Work required -
Pictures excluded, reproduce exactly the lines below from the one with "Tesla Model S 2019 - фото 23" through the one with "1110 Hookstra Lane Photo 7", both included.

Data for analysis -

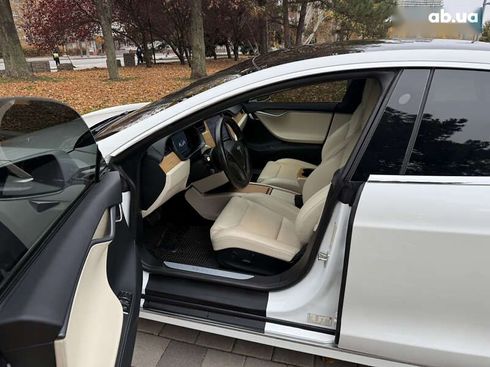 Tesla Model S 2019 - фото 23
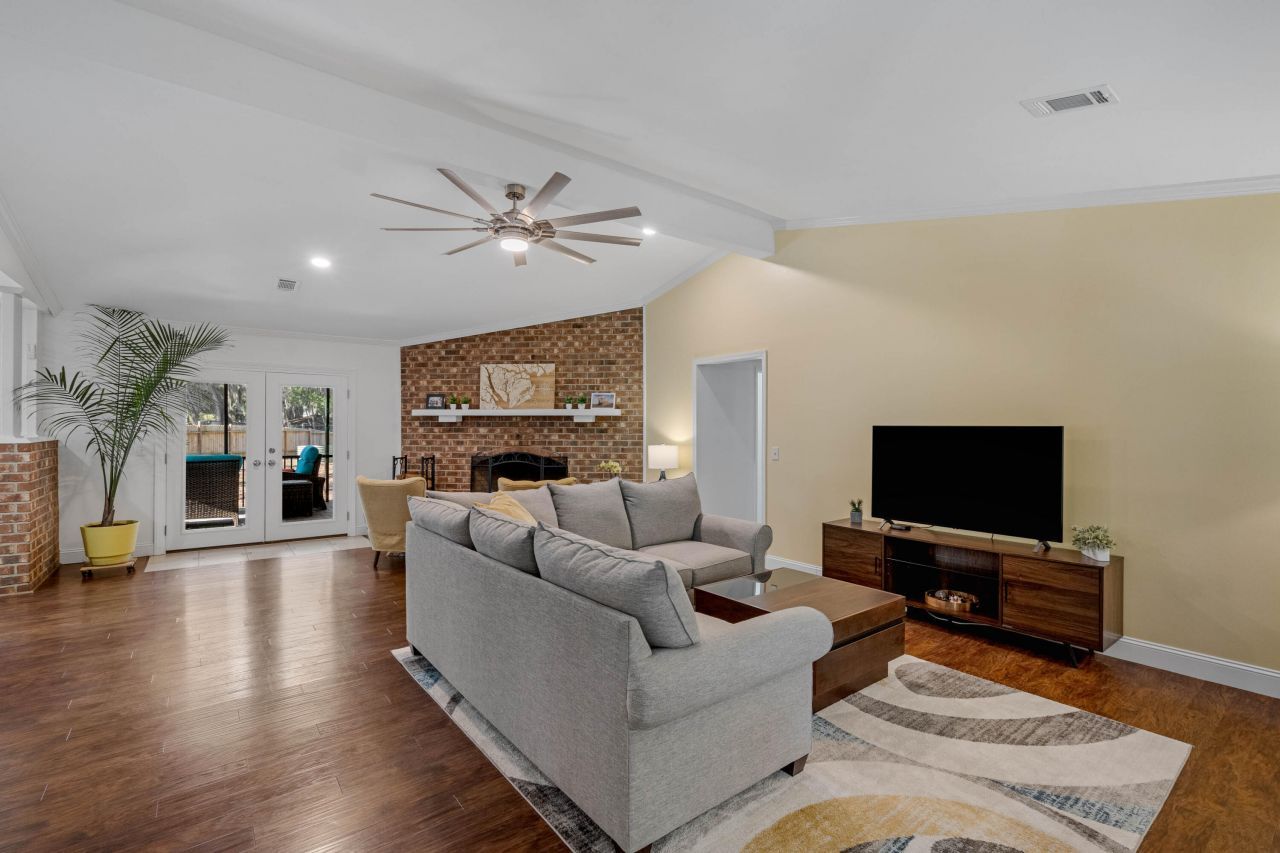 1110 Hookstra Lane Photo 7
---
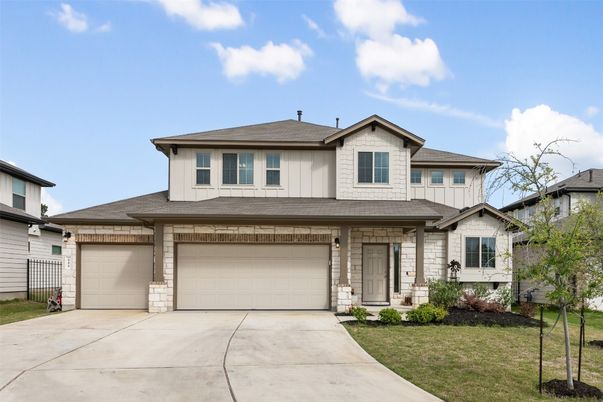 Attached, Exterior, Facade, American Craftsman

Answer box -
 Tesla Model S 2019 - фото 23
 1110 Hookstra Lane Photo 7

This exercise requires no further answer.